Universal Actions for Enhanced Embodied Foundation Models

Paper Code Models

Jinliang Zheng ^1,2,5,*, Jianxiong Li^1,*, Dongxiu Liu^4,1,*, Yinan Zheng¹, Zhihao Wang^3,1, Zhonghong Ou¹, Yu Liu², Jingjing Liu¹, Ya-Qin Zhang¹, Xianyuan Zhan^1,5,†

¹AIR, Tsinghua University
²SenseTime Research
³Peking University
⁴Beijing University of Posts and Telecommunications
⁵Shanghai AI Lab
^* Equal contribution^†Corresponding authors

Training on diverse, internet-scale data is a key factor in the success of recent large foundation models. Yet, using the same recipe for building embodied agents has faced noticeable difficulties. Despite the availability of many crowd-sourced embodied datasets, their action spaces often exhibit significant heterogeneity due to distinct physical embodiment and control interfaces for different robots, causing substantial challenges in developing embodied foundation models using cross-embodiment data. In this paper, we introduce UniAct, a new embodied foundation modeling framework operating in the Universal Action Space. Our learned universal actions capture the generic behaviors across diverse robots by exploiting their shared structural features, and enable enhanced cross-domain data utilization and cross-embodiment generalizations by eliminating the notorious heterogeneity. Moreover, the universal actions can be efficiently translated back to heterogeneous actionable commands by simply adding embodiment-specific details, from which fast adaptation to new robots becomes simple and straightforward. Our 0.5B instantiation of UniAct outperforms 14X larger SOTA embodied foundation models in extensive evaluations on various real-world and simulation robots, showcasing exceptional cross-embodiment control and adaptation capability, highlighting the crucial benefit of adopting universal actions.

Play with Code!

Although universal actions represent highly abstract embodiment-agnostic intentions, we can observe fascinating consistencies in how these actions manifest across different embodiments. Try it yourself!

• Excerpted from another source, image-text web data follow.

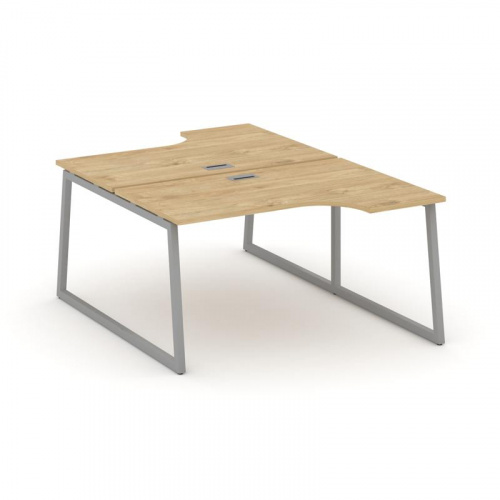 Style Project Рабочая станция эргоном. SN-4T1.DRPA-012 Акация Лорка/Металл Антрацит/Заглушка Пластик фото 2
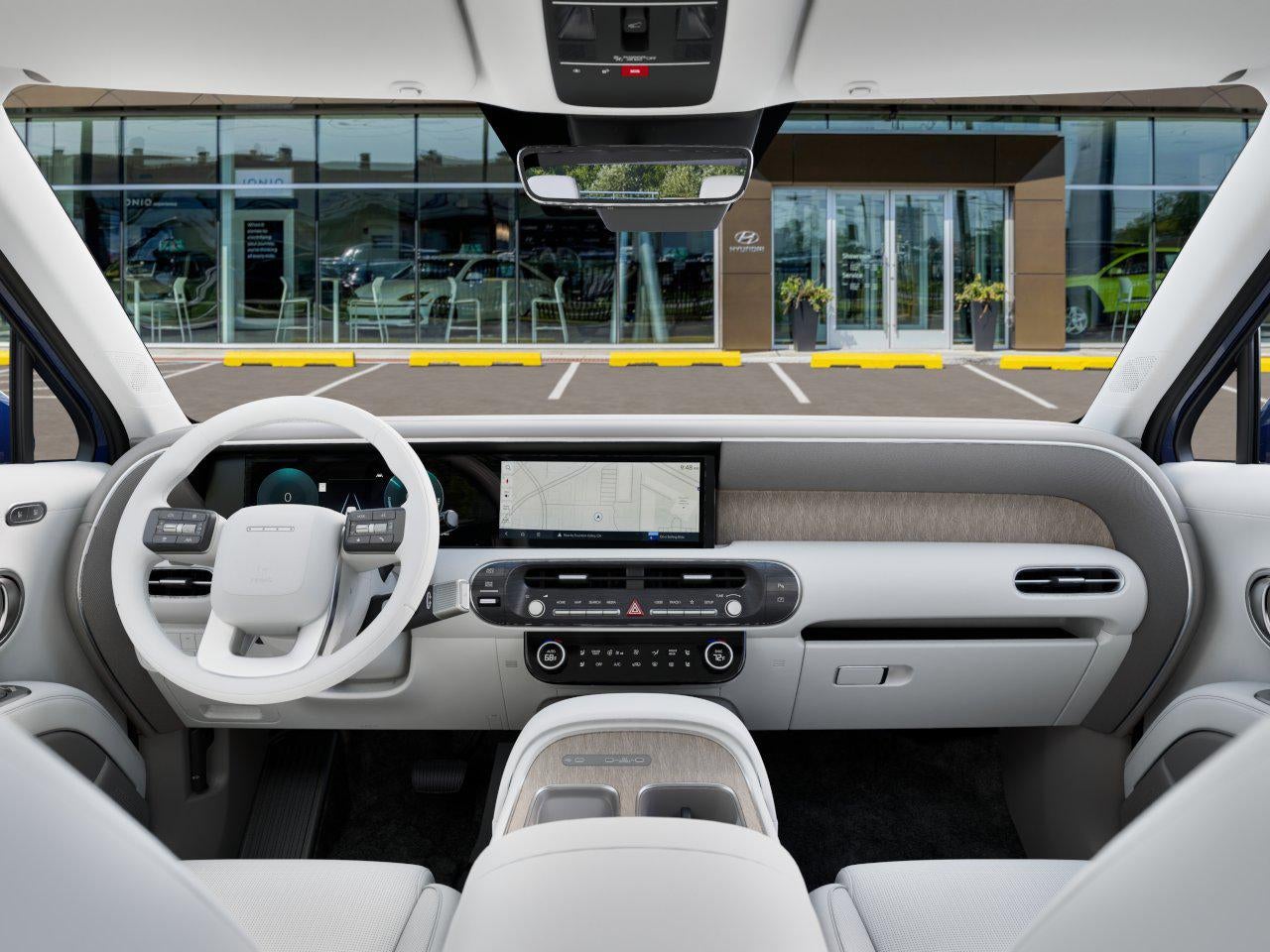 2027 Hyundai Palisade Hybrid Blue SEL Premium 7 Passenger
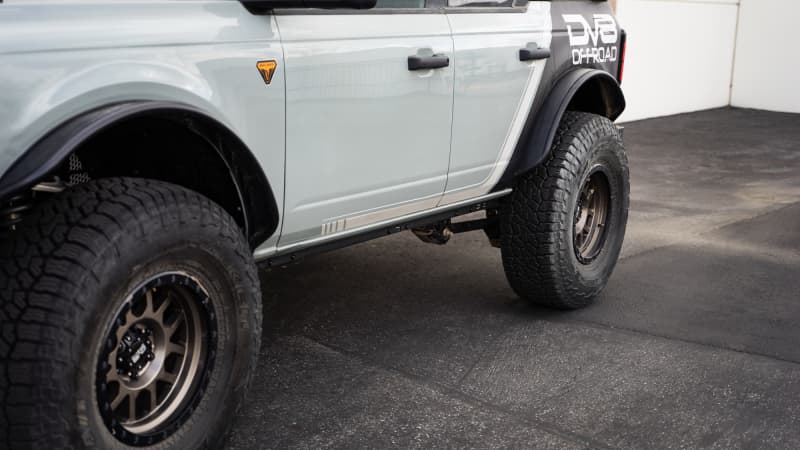 DV8 Offroad Pinch Weld Diff Cover for Ford Bronco Powder Coated Steel - Image 4
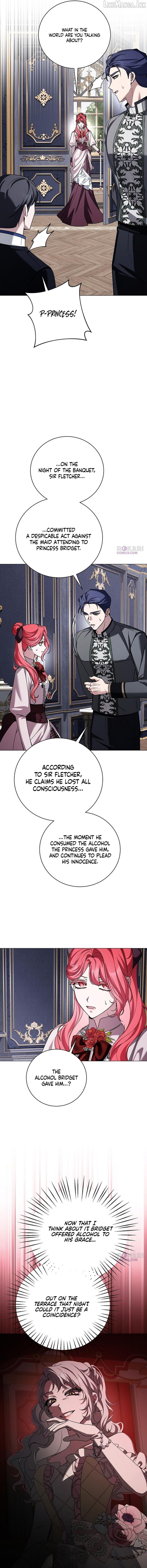 My Fiancé Keeps Trying to Raise Me Chapter 55 - Page 9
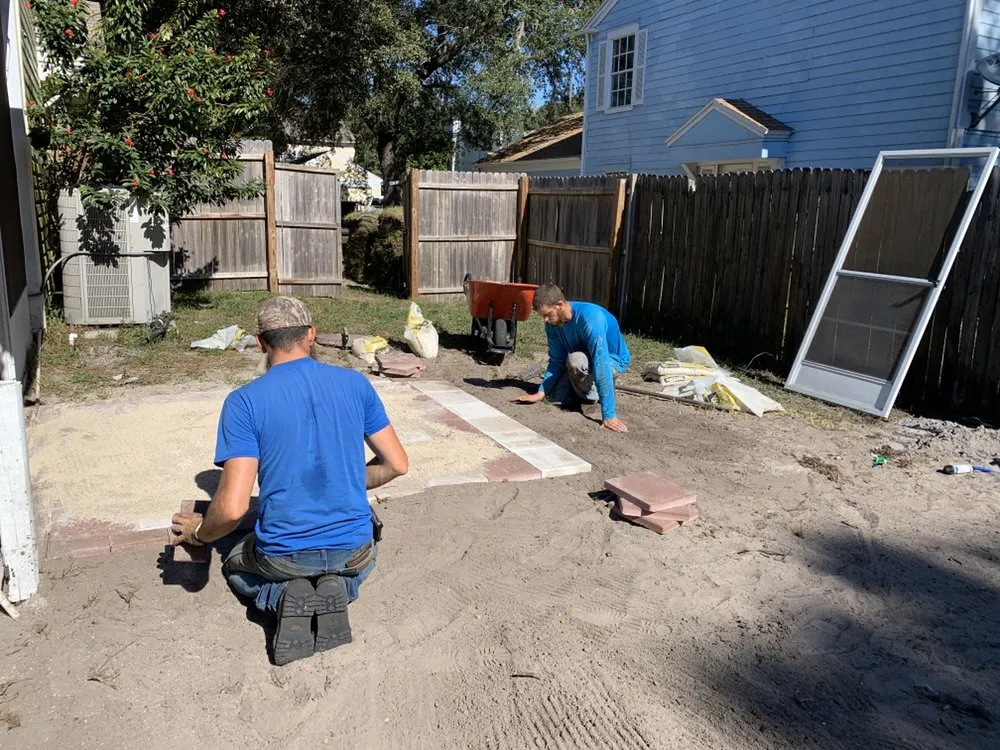 Top-rated landscape design in Tampa, FL - Alex Anglin Lawn Care Specialist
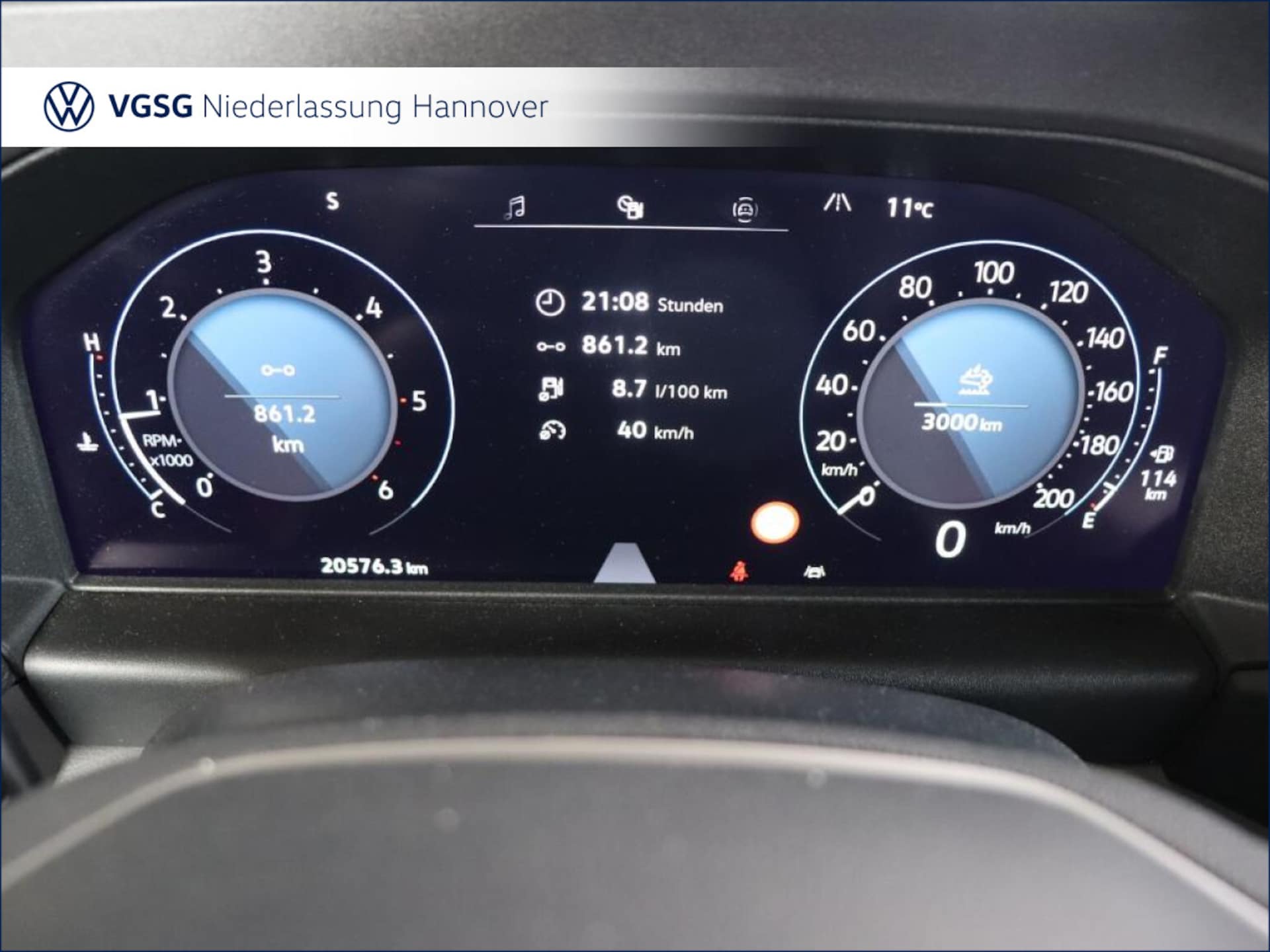 Volkswagen Caravelle Basis-Modell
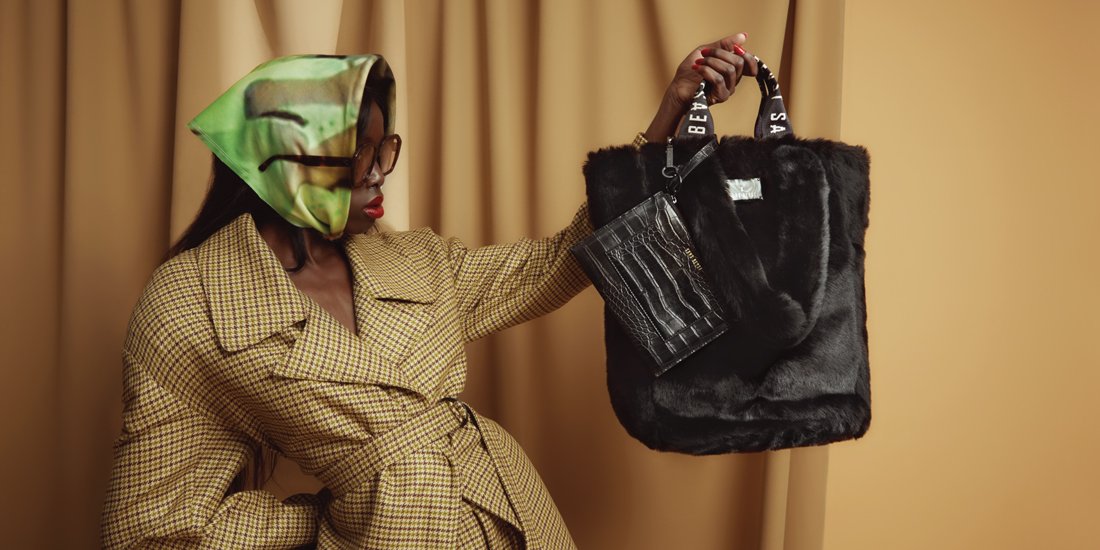 It's cool to be kind – nab yourself a vegan leather handbag from Sans Beast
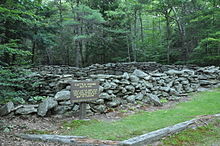 Historic Stone Animal Pound in Pownal, Maine PownalME AnimalPound.jpg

WidowX Robot in real world

Franka Robot in simulation

AIRBOT in real world-few shot adaptation

Generalized Cross-Embodiment Policy in Universal Action Space

Explore the potential of universal action in more embodiments!

put the eggplant into the pot

flip the pot

lift AAA battery

Put the toy man in the sink

Put the corn in the pot

Put the eggplant in the pot

Methods

Our approach consists of the following key components

Universal Action Space

Our novel approach to unifying robot control across different embodiments through a shared action representation

Experimental Results

Comprehensive evaluation across different platforms and tasks

Results on WindoX (Real World)

Model	Visual Generalization	Motion Generalization	Physical Generalization	Semantic Generalization	Language Grounding	Average
Octo	24.0	30.0	10.0	19.4	48.3	28.9
OpenVLA-7B	66.0	35.0	60.0	48.1	88.3	65.1
UniAct-0.5B(Ours)	69.0	66.0	70.0	38.8	73.3	63.3

Results on Franka (Simulation)

Model	LIBERO-Spatial	LIBERO-Object	LIBERO-Goal	LIBERO-Long	LIBERO-90	Average
Octo	17.5	12.0	36.5	20.0	32.5	27.7
OpenVLA-7B	43.0	66.5	54.5	13.0	44.1	44.1
UniAct-0.5B(Ours)	64.5	77.5	68.0	46.5	60.0	61.3

Results on AIRBOT with different control interfaces(Fast Adaption)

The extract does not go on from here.